Moreover, these financial statements do not purport to contain complete
disclosures in conformity with generally accepted accounting principles and
should be read in conjunction with the Company's audited financial statements
at, and for the fiscal year ended, August 31, 1997 contained in the Company's
Annual Report on Form 10-KSB dated February 2, 1998.
The results reflected for the three month period ended November 30,
1997 are not necessarily indicative of the results for the entire fiscal year
ending August 31, 1998.
(2) Options and Warrants:
The following table sets forth the options and warrants of the Company
as of November 30, 1997:
Amount Term Issue Date Exercise Price ($)
297,125 5 yrs. 03/05/96 40% of market
10,000 5 yrs. 11/04/96 .3125
15,000 5 yrs. 11/05/96 1.000
1,200,000 5 yrs. 11/14/96 .3125
225,000 5 yrs. 01/10/97 .3125
90,000 5 yrs. 02/18/97 .3125
209,000 5 yrs. 08/12/97 .6300
(3) Computation of Net Income (Loss) Per Common Share Due to the net loss to the
common stock shareholders, the effect of including common stock equivalents
would be anti-dilutive. Therefore, there are no potentially dilutive securities.
F-8
Selected Notes To Financial Statements
Three Months Ended November 30, 1997
(4) Note Receivable - Related Party:
On June 10, 1997, A. Tarricone, Inc. ("ATI"), the former parent of the
Company's operating subsidiaries and divisions (ATI is wholly-owned by Claire E.

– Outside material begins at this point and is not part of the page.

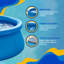 Piscine gonflable ronde de 9 pieds Blue Wave-99928227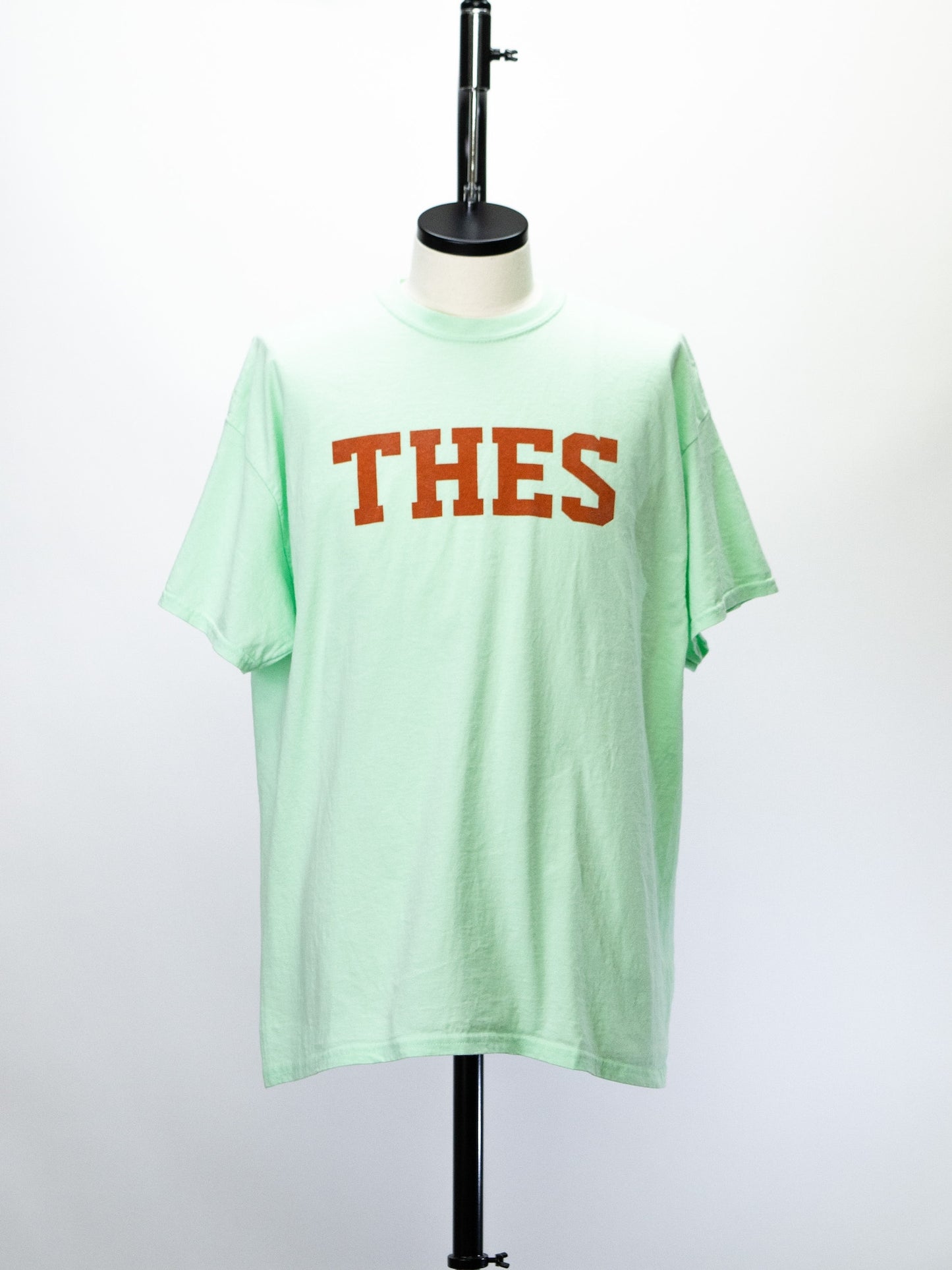 "THES" USED TEE / Green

Tarricone, Anthony J. Tarricone, and Joseph A. Tarricone, the Company's
directors and principal executive officers), filed a voluntary petition for
reorganization pursuant to Chapter 11 of the Bankruptcy Code (the "Code"). ATI
has continued in possession of its property and in the management of its affairs
as a debtor-in-possession under the applicable provisions of the Code. In
connection with the bankruptcy proceeding, the Company has asserted (and ATI has
acknowledged) pre-petition claims arising under a receivable from ATI in the
amount of $3,877,563 and pre-petition liens on certain leasehold interests. The
proceeding is before the United States Bankruptcy Court, Southern District of
New York, and is referred as "A. TARRICONE, INC., 97B21488." The Company has
determined that its asserted pre-petition liens may not have been properly
"perfected," in which case the Company would be deemed an unsecured creditor
(rather than a secured creditor) in the proceeding. If it were ultimately
determined by the court that the Company's status in the proceeding is that of
an unsecured creditor, the Company's legal basis for recovery would be
materially, adversely affected. The Company is pursuing all appropriate avenues
to protect its interest in this regard. However, there can be no assurance that
the indebtedness and the liens asserted by the Company in this proceeding will
be recognized or given full effect, that the same will not be challenged,
modified or reduced, that all or any portion of such indebtedness will be repaid
to the Company or that the Company will otherwise be successful in protecting
its interests. In this regard, management has elected to write-off, and has
taken as a charge against earnings as a bad debt expense, the entire amount of
the receivable due from ATI at June 10, 1997, i.e., $3,877,563. Additionally,
all executory contracts between ATI and the Company are susceptible to
rejection, at the election of ATI, under the applicable provisions of the Code.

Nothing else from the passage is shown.